Employers are once again expected to shoulder a greater share of the cost impact of today's Budget, which arguably contradicts Labour's pledge to support businesses and grow the economy.
Central to this are the increases announced yesterday to the National Living and Minimum Wage rates, effective from 1 April 2026, which Rachel Reeves referred to as moving towards a "genuine living wage". The above-inflation increases of 6% and 8.5% to the respective rates for 16-17 and 18-20-year-olds will add considerable cost to employing younger workers from next year, with many businesses unable to pass on these costs to customers. Although the rate for 21-year-olds and over is increasing by a lower 4.1%, this will put pressure on employers to increase wages across the board to maintain the pay differential between starter roles and more experienced workers.
The Government insists the uplift to these rates is to support workers and to help with the cost of living; however, higher wages and salaries inevitably lead to an increase in tax and National Insurance Contribution revenues, and therefore, it could be argued that it is not the Government funding this support, but employers across the country.
The key question is how will the significant increases for the younger age groups impact the employment prospects of school, college and university leavers? Will these groups be too expensive to employ with little or no experience? And how will that impact workforces and job opportunities in the future?
Rachel Reeves mentioned the Fair Work Agency (FWA) during her speech, and which also features a number of times in the official documentation following the Budget. This is a new Government agency coming into force in April 2026 with the main aim of centralising compliance of all employment regulations.
The National Minimum Wage (NMW) will be within the FWA's remit, and it was announced that a number of measures will be introduced to further tackle non-compliance with the NMW rules, including closer working with trade unions and local business groups, more regular public naming, and exploring new powers for the FWA to target individuals in leadership roles.
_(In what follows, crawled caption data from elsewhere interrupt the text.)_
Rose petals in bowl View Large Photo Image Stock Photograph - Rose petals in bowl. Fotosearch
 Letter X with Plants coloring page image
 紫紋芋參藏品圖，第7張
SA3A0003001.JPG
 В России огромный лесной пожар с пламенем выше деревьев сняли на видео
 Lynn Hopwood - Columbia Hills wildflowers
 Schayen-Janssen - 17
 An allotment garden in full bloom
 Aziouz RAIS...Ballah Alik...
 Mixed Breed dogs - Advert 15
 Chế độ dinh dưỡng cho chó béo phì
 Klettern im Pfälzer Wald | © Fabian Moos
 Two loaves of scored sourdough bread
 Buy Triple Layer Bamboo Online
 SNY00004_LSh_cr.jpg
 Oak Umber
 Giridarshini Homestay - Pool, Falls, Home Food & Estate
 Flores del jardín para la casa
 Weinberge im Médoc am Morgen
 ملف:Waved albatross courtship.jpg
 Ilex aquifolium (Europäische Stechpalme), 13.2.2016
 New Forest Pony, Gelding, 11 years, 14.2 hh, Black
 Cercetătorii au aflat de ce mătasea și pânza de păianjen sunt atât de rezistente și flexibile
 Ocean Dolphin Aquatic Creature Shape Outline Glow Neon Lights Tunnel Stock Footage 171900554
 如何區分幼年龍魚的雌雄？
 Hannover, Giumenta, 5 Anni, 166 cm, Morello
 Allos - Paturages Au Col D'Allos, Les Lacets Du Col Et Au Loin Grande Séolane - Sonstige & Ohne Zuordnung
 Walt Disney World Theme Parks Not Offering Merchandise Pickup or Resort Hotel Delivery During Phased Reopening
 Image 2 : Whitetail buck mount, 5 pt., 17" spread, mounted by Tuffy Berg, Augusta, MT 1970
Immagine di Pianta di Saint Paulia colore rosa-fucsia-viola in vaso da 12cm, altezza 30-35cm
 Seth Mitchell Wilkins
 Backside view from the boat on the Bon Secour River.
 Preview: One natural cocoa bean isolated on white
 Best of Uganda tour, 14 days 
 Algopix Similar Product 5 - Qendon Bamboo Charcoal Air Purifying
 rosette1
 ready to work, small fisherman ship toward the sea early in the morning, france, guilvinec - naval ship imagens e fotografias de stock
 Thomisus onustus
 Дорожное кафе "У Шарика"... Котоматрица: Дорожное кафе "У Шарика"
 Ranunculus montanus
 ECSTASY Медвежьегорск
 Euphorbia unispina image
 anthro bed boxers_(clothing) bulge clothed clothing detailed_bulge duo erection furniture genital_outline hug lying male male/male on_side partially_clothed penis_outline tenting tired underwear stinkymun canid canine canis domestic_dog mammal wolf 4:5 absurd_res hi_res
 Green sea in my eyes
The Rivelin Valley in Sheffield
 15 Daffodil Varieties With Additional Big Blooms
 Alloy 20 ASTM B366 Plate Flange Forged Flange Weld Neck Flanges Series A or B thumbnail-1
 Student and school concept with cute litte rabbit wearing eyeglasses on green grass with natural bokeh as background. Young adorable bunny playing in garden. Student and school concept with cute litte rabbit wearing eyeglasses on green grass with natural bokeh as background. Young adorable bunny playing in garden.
The extent of the latter measure is not yet known, but it is a concern for business owners whether this could cause them to be personally liable for NMW errors. What is certain is that NMW compliance is very much at the top of the Government's agenda for the foreseeable future.
It will be important for all businesses to check that processes and policies are fully compliant with NMW regulations before the Fair Work Agency starts its work in April, as we expect they will want to make an immediate impact on NMW errors, even those genuine mistakes that commonly occur.
The other main announcement to affect employers is the capping of NIC relief on pension contributions via salary sacrifice arrangements to £2,000 per employee per tax year. Contributions above this figure, from April 2029, will be subject to both employee and employer NICs, costing the employer an additional 15% in NICs. These arrangements are common across all industry sectors, and this could be a significant cost burden to many employers who have been used to not paying NIC on these payments for many years (and decades in some cases).
Details of how these restrictions will work in practice will follow nearer the time, and we do not yet know how complex these will be, or whether there may be opportunities to structure pay and benefit packages differently to still benefit from the uncapped employer NIC exemption on non-salary sacrifice contributions. There is a mention in the official Budget documentation of potential anti-avoidance measures being introduced around this change, so employers should not get their hopes up too much at this stage. Of course, 2029 is still some way off, and there may even be a change of Government by then, which could decide to drop the idea as it doesn't go well with supporting self-funded pensions.
As part of the Chancellor’s broader adjustments, a minor but notable change was also announced to the apprenticeship scheme. Currently, Small and Medium-Sized Enterprises (SMEs) benefit from co-investment relief for apprentices aged 18 to 21. This relief will now be extended to cover apprentices under the age of 25.
Importantly, there are no changes to the existing Employer National Insurance relief thresholds for apprentices under 25. Employers will continue to benefit from not paying National Insurance at a rate of 15% until the Secondary Upper Earnings Limit is reached.
However, businesses should remain mindful that National Minimum Wage rules also remain unchanged. While SMEs may save on training costs, apprentices must still be paid at the applicable National Minimum or Living Wage rates. From April 2026, the apprentice rate will rise to £8 per hour, a 6% increase. This rate applies to those aged up to 18 or in their first year of apprenticeship, and after the first year, apprentices must be paid the rate for their age in force at the time.
There were a few other titbits from Budget 2025 that may impact some employers: a consultation aimed at "simplifying and improving the administration" of the Construction Industry Scheme (this may be a good thing), slight adjustments to company van benefit in kind rates, and an easement on benefit in kind charges for plug in hybrid vehicles, plus several measures that are likely to apply across the board on tax compliance in terms of changes to behavioural tax penalties and tax errors in the Government's quest to lower the tax gap.
Finally, HMRC has published new interim guidance and legislation in respect of the move to mandatory payrolling of benefits in kind from April 2027, to coincide with the Budget announcements. This is not expected to answer all the outstanding questions and concerns many have on the move to mandatory payrolling, but it is at least a start in helping employers prepare for this major change to tax reporting in less than 18 months' time.